The case against First Choice began in 2000 when the Securities and Exchange Commission charged the company and others with fraud in violation of federal securities law. A receiver was appointed to distribute the defendants’ assets to the victims of the $31 million fraud. The receiver found that some assets have been used to acquire oil and gas leases in Texas and Oklahoma.
At issue in the instant case is the sale of a lease in Osage, Oklahoma, in which CRM Energy Partners argues it has an ownership interest. The District Court denied CRM’s motion to intervene and approved the sale in May 2014 of the leases to Wilson Operation Co., an oil company in Tulsa.
CRM moved to intervene in the receivership proceeding in December 2013; the District Court denied it as untimely.

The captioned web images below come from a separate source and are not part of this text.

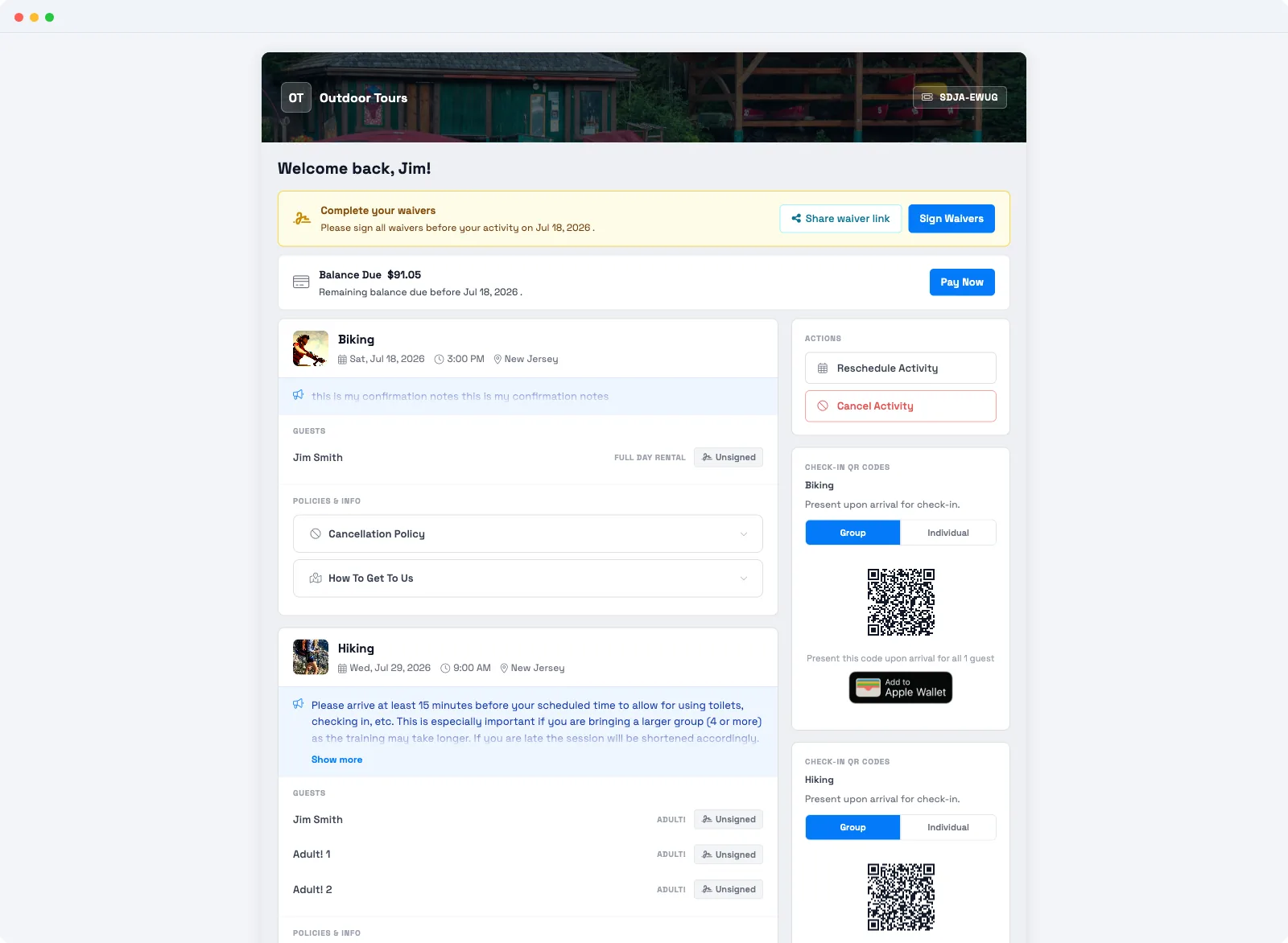 How a guest signs a waiver in TripWorks — the customer portal with a Complete your waivers prompt and a Sign Waivers button
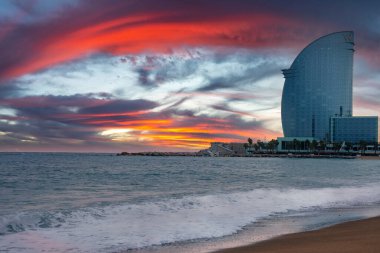Barcelona W hotel view from the beach. Beautiful luxury hotel in Barcelona, Spain.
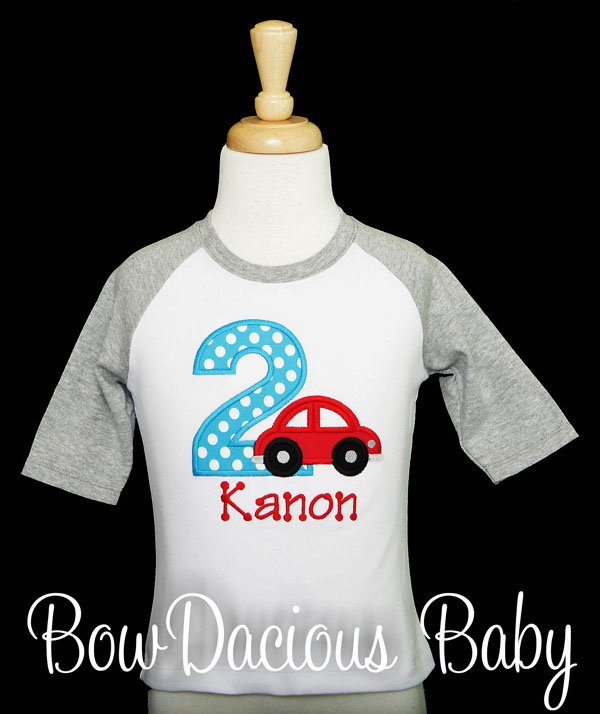 Car Birthday Shirt or Onesie, Custom, Personalized, Any Age and Colors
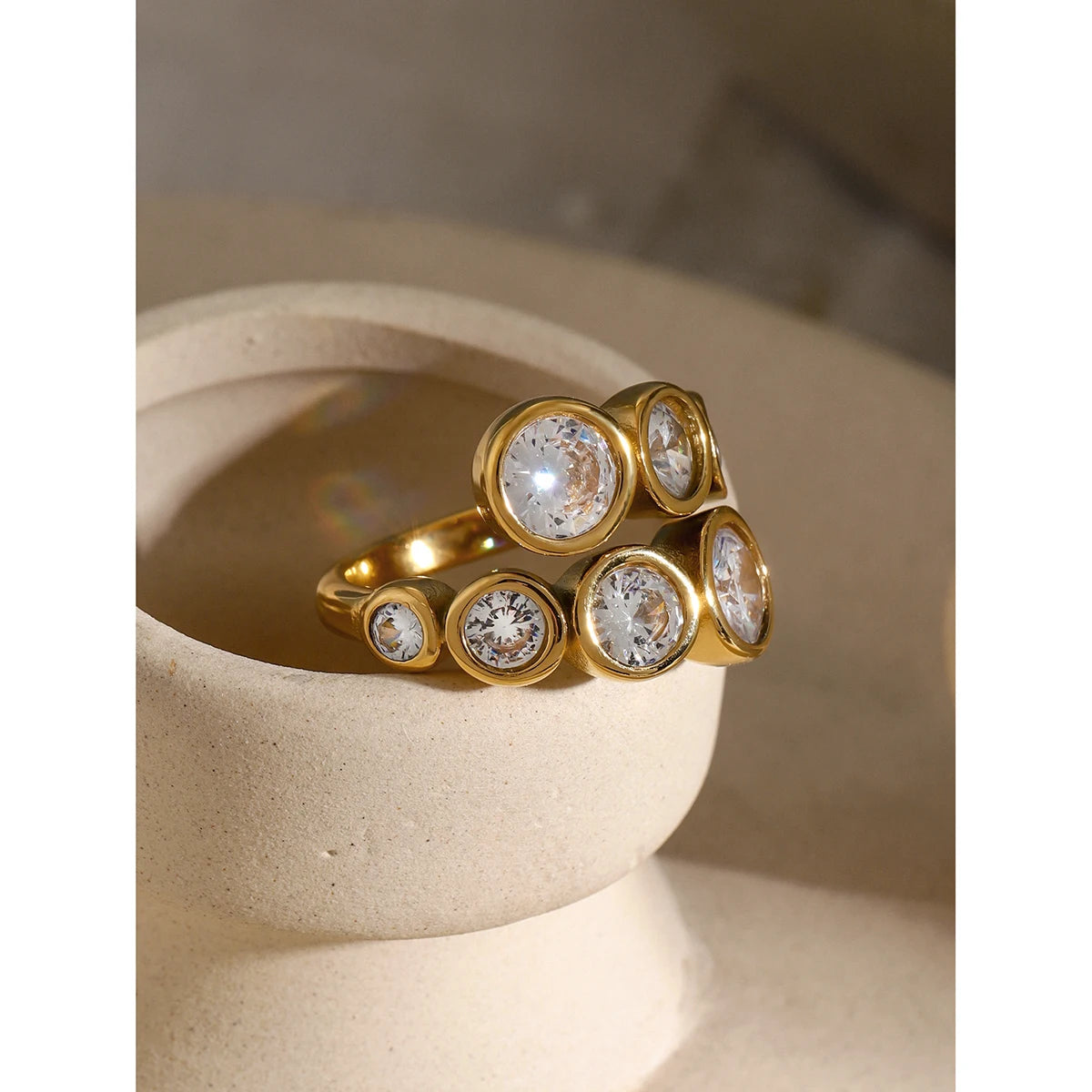 KIKA Waterproof Luxury Shiny Cubic Zirconia Exquisite Stainless Steel 316L Chic Open Ring Adjustable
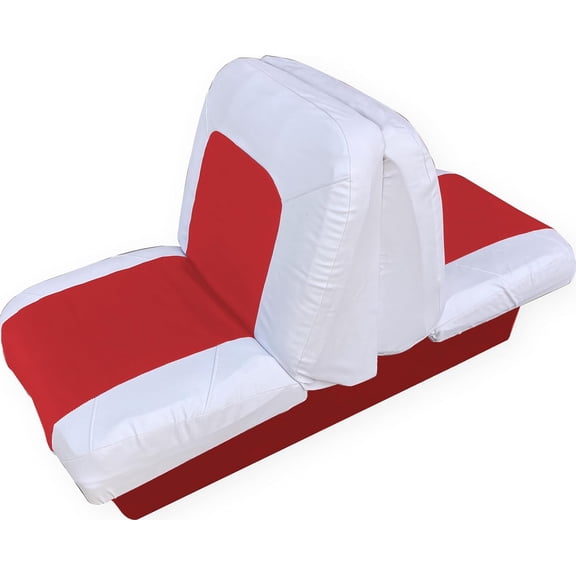 Marine Boat Seat Cover Replacements: White & Red Vinyl Upholstery for Back-to-Back Lounge Bench Seats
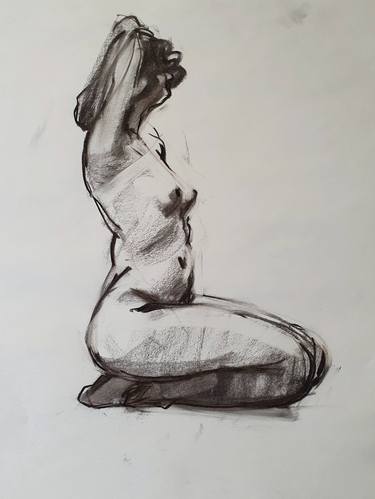 Original Abstract Expressionism Body Drawings by Satenik Ghulijanyan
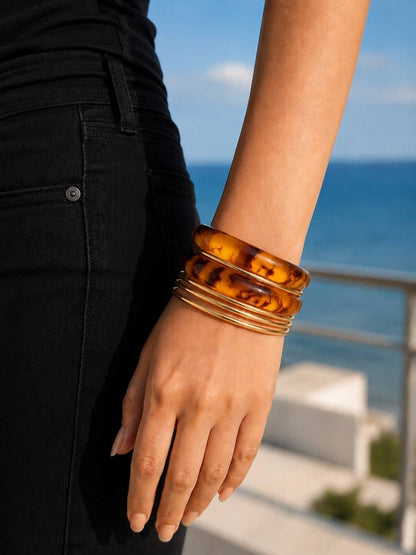 Tortoise Resin Gold-Tone Bangles Set of 6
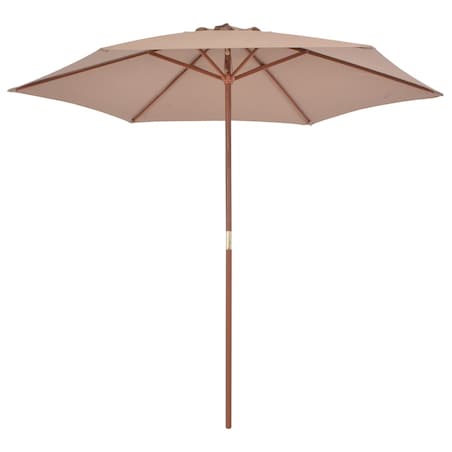 vidaXL Parasol ogrodowy na drewnianym słupku, 270 cm, taupe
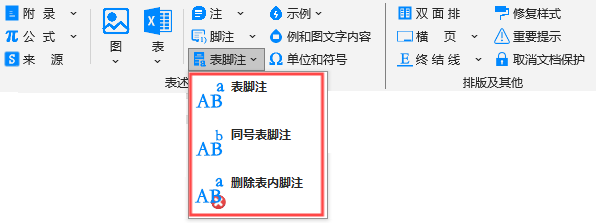 表脚注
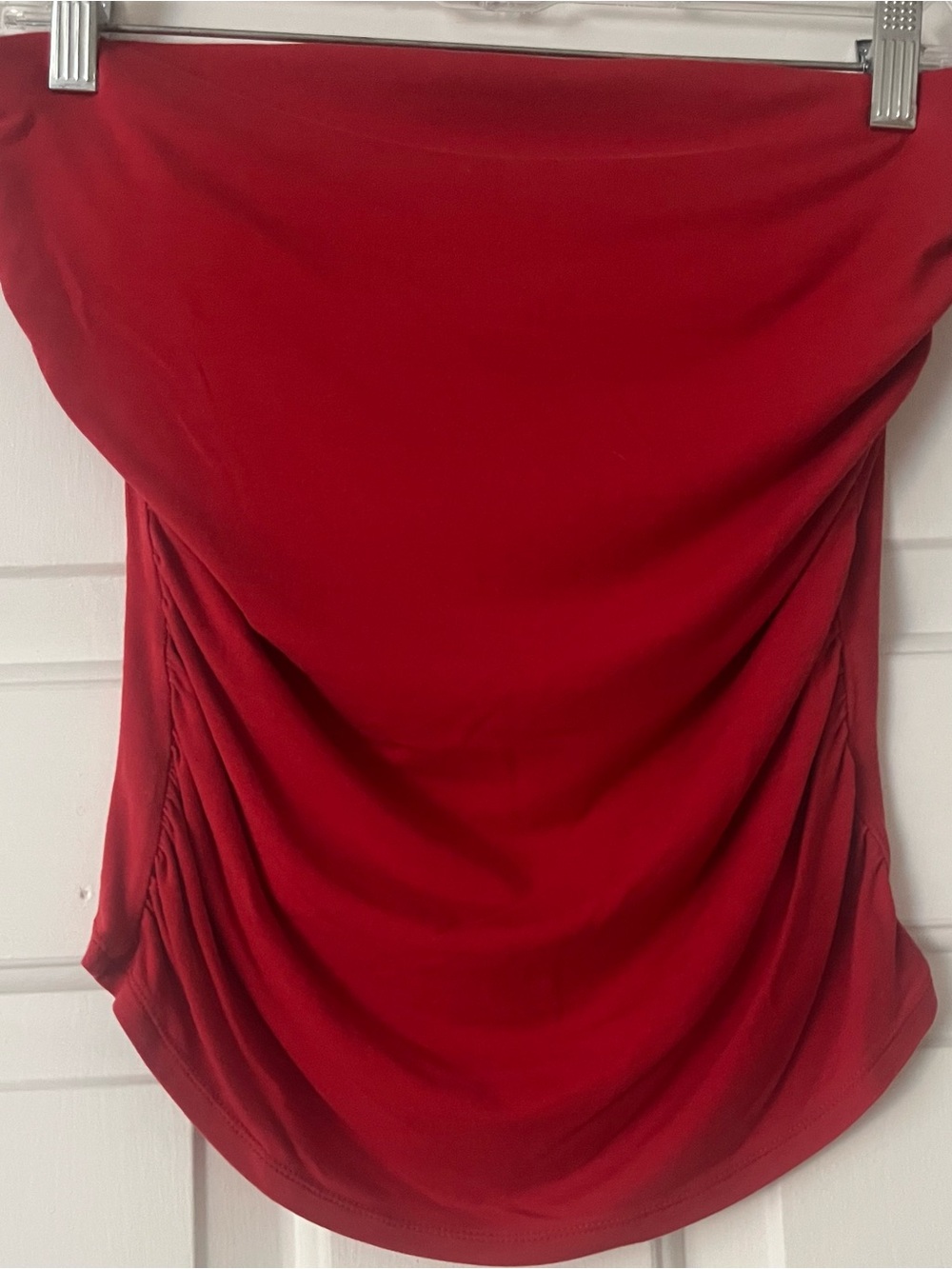 Laundry By Shelli Segal Red Strapless Ruched Camisole Top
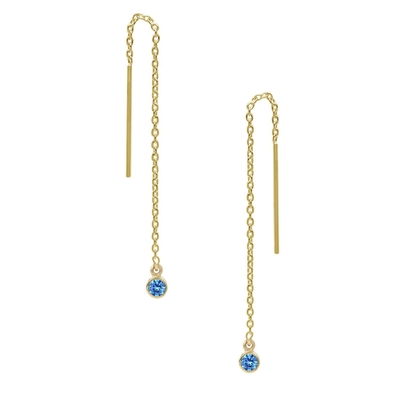 925 Sterling bạc đơn giản 18K vàng bọc phụ nữ Bezel Drop Chain Threader tai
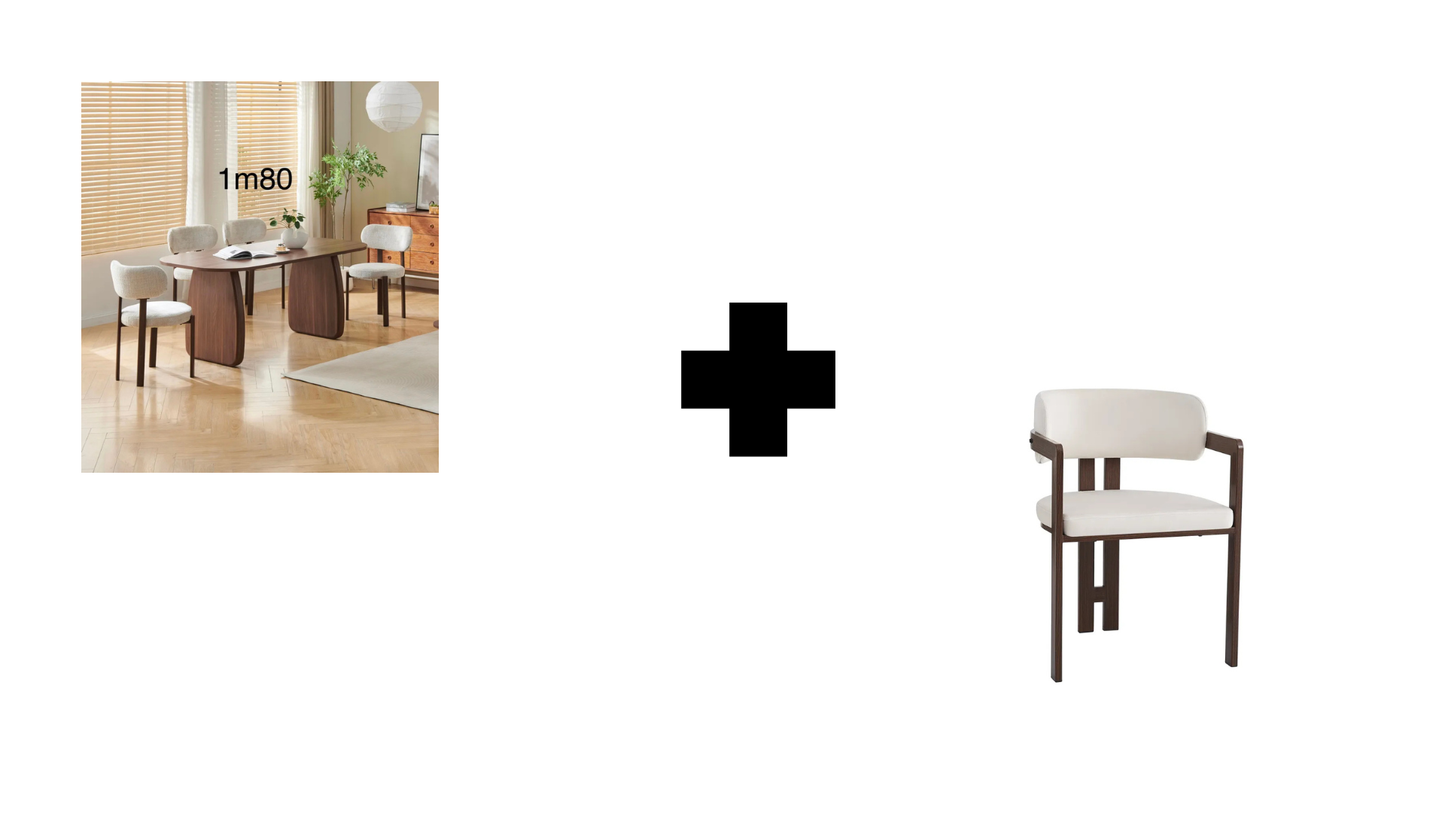 Lot table à manger Helen 180x90cm effet bois noyer + chaises Mellow effet noyer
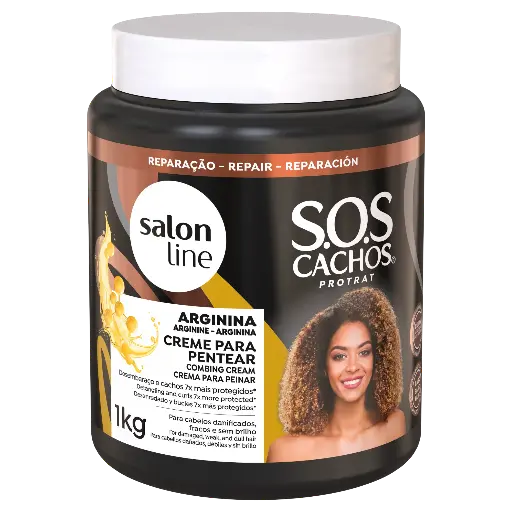 [7908458325481] Combing Cream with Repairing Action - SOS Curls Arginine - Salon Line - 1kg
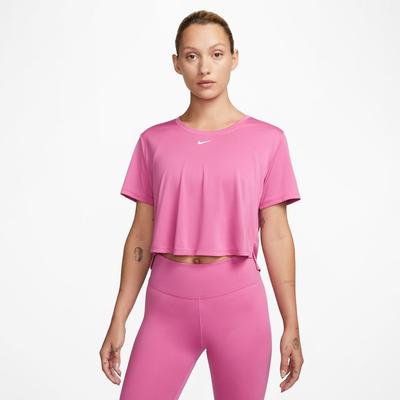 Women's Nike Dri-FIT One Standard Fit Short-Sleeve Cropped Top COSMIC_FUCHSIA/WHITE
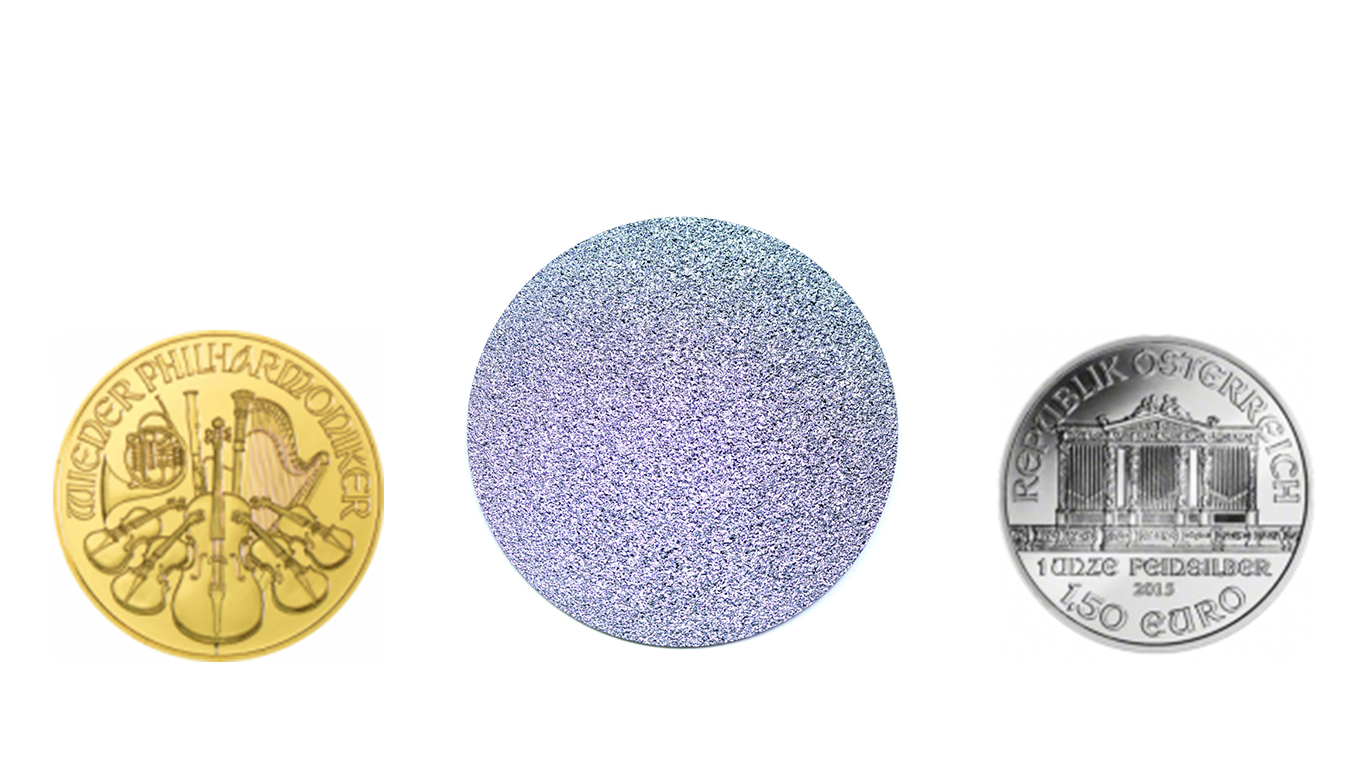 Silber, Gold und Osmium Münze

“CRM had known as early as January 2004, almost ten years before it filed its motion, that the receiver was claiming to own (as agent of the defrauded investors) the very leases that CRM claimed to own,” Judge Richard Posner wrote. “Instead it waited for a decade minus two months – waited indeed until the protracted and expensive receivership was finally moving toward an end and the receiver’s assets were dwindling.”
“CRM’s dawdling … imposed costs on the receiver and on Wilson and made added work for the district court.”
The case is Securities and Exchange Commission v. First Choice Management Services Inc., et al; CRM Energy Partners and John W. Hannah v. Joseph D. Bradley, Receiver, 14-1270, 14-2284.